#### Records drawn from a dataset
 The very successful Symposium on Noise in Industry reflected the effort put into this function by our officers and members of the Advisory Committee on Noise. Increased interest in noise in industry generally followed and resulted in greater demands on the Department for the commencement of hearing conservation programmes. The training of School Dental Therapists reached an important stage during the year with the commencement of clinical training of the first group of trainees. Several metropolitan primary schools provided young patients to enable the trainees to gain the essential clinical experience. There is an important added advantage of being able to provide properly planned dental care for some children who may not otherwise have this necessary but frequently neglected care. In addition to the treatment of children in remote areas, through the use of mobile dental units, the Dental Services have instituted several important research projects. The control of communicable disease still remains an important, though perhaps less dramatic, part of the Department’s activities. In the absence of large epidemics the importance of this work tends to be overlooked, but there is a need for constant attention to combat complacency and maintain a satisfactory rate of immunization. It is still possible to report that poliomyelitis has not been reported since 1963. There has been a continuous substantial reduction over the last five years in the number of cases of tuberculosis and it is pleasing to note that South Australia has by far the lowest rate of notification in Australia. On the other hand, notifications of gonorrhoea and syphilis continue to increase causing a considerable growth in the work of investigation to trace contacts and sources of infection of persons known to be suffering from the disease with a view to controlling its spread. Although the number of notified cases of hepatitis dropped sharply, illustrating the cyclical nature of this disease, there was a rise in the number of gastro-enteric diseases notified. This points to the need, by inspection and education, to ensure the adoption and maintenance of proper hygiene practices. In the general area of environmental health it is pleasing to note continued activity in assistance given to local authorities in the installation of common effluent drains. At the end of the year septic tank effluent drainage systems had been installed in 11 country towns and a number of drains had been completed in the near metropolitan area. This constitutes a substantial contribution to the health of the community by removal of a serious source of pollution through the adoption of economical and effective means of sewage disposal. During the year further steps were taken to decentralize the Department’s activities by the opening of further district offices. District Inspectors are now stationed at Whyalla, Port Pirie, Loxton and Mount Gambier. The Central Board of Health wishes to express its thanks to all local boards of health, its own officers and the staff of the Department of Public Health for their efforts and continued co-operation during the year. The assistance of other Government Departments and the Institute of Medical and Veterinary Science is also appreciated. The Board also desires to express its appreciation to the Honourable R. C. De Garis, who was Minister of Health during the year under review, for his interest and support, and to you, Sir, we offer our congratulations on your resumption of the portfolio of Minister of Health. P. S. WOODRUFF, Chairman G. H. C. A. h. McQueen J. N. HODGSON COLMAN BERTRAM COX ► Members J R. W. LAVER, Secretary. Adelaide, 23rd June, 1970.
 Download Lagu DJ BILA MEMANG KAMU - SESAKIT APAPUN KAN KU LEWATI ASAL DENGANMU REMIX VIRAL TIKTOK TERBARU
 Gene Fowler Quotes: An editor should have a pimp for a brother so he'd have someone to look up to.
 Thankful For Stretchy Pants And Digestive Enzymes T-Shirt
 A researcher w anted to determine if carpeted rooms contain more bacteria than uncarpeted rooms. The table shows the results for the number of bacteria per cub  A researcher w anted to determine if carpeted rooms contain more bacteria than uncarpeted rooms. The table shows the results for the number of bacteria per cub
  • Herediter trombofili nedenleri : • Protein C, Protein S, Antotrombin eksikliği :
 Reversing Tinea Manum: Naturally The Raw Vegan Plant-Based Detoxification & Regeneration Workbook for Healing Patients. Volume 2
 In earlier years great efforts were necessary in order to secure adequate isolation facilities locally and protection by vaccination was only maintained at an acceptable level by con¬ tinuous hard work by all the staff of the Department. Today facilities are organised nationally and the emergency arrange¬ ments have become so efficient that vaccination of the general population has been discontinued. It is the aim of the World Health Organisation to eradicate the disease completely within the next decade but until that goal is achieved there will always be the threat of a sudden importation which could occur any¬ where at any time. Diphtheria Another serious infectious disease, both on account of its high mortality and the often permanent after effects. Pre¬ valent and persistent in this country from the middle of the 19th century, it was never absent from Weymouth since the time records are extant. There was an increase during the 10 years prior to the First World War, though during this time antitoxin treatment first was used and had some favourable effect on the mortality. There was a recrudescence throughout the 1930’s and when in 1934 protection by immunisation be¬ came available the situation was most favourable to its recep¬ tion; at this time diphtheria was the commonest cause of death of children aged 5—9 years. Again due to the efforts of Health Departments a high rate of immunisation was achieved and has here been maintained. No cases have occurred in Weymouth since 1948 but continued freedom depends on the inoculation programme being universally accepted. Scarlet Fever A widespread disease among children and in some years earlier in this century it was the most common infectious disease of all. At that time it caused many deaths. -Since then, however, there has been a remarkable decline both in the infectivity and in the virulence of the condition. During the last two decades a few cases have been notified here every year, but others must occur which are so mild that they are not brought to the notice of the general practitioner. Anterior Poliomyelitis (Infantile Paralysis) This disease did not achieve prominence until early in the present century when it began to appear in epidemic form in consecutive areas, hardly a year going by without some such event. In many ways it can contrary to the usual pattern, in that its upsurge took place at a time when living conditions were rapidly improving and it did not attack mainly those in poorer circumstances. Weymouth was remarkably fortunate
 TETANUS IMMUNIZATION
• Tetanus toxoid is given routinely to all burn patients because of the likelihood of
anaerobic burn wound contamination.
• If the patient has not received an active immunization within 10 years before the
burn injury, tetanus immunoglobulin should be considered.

#### What to produce
Please find the lines in the data that contain the word "should" and copy them.

#### Solution
 Gene Fowler Quotes: An editor should have a pimp for a brother so he'd have someone to look up to.
burn injury, tetanus immunoglobulin should be considered.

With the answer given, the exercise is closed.